Personal information
- Born: 28 February 1973 (age 53) Ascot, Berkshire, England
- Height: 1.70 m (5 ft 7 in)
- Sporting nationality: England

Career
- Turned professional: 1995
- Former tours: LPGA Tour (2001) Ladies European Tour (joined 1997)
- Professional wins: 3

Number of wins by tour
- Ladies Asian Golf Tour: 1

Best results in LPGA major championships
- Chevron Championship: T52: 2006
- Women's PGA C'ship: T41: 2007
- U.S. Women's Open: T20: 2004
- du Maurier Classic: DNP
- Women's British Open: T21: 2001

= Johanna Head =

English golfer

Johanna Head (born 28 February 1973) is an English professional golfer who played on the Ladies European Tour (LET) and the LPGA Tour. She competed as Johanna Mundy following her marriage to Terry Mundy, a caddie to professional golfer Ian Poulter.
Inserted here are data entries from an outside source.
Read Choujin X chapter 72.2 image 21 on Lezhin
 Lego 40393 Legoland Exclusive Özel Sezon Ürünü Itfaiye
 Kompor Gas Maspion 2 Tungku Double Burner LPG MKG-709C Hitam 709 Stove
Head was born in Ascot, Berkshire and her twin sister Samantha is also a professional golfer. She joined the Ladies European Tour in 1997 and won her first professional title in 1999, the Malaysian Open. Head then went on to win two unofficial tournaments: the Lalla Meryem Cup in 2002 and 2003.

Head led by three strokes going into the final round of the 2002 Wales WPGA Championship of Europe but posted a 79 in the final round and finished T6. She was runner-up at the 2002 Tenerife Ladies Open and the 1998 Compaq Open, ten strokes behind Annika Sörenstam.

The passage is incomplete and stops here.